WORK REQUEST:
First find the line with "2015 HYUNDAI SONATA VIN: 5NPE24AF0FH229655" in the entries below, then set down exactly every line through the line with "NWT Grey Memory", that line included.

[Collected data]
_ _ _ _ _ _ _

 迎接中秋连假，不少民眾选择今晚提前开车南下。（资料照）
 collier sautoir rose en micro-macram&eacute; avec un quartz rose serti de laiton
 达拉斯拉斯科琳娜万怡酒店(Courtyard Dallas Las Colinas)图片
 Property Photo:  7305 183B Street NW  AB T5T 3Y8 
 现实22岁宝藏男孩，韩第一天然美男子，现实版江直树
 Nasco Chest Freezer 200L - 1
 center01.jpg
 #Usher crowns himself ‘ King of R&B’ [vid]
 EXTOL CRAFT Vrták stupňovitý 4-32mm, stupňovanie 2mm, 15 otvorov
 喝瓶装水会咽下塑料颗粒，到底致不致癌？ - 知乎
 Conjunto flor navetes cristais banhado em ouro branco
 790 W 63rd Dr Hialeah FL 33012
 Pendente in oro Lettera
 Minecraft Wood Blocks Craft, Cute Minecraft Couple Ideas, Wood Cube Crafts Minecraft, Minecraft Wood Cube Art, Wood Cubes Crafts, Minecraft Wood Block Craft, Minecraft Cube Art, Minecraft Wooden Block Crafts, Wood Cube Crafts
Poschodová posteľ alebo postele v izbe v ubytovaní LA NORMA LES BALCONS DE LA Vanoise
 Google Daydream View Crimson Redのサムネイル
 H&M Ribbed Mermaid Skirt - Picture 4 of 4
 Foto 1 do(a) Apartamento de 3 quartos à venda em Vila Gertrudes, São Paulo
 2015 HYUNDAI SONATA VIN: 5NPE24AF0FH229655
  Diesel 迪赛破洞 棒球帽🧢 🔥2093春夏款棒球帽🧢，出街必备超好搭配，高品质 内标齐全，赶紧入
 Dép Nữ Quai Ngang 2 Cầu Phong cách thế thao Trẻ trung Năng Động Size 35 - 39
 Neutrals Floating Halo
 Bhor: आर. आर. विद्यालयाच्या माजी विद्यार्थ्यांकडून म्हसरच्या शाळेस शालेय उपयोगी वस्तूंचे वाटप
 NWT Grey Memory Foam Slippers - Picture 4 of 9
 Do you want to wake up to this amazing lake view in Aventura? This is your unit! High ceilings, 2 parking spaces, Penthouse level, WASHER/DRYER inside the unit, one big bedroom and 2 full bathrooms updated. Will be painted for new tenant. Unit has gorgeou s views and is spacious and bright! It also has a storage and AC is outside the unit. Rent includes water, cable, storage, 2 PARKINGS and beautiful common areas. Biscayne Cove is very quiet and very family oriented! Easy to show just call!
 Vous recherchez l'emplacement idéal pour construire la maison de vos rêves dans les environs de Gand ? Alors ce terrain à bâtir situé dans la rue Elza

_ _ _ _ _ _ _

SOLUTION TO THE PROBLEM:
 2015 HYUNDAI SONATA VIN: 5NPE24AF0FH229655
  Diesel 迪赛破洞 棒球帽🧢 🔥2093春夏款棒球帽🧢，出街必备超好搭配，高品质 内标齐全，赶紧入
 Dép Nữ Quai Ngang 2 Cầu Phong cách thế thao Trẻ trung Năng Động Size 35 - 39
 Neutrals Floating Halo
 Bhor: आर. आर. विद्यालयाच्या माजी विद्यार्थ्यांकडून म्हसरच्या शाळेस शालेय उपयोगी वस्तूंचे वाटप
 NWT Grey Memory Foam Slippers - Picture 4 of 9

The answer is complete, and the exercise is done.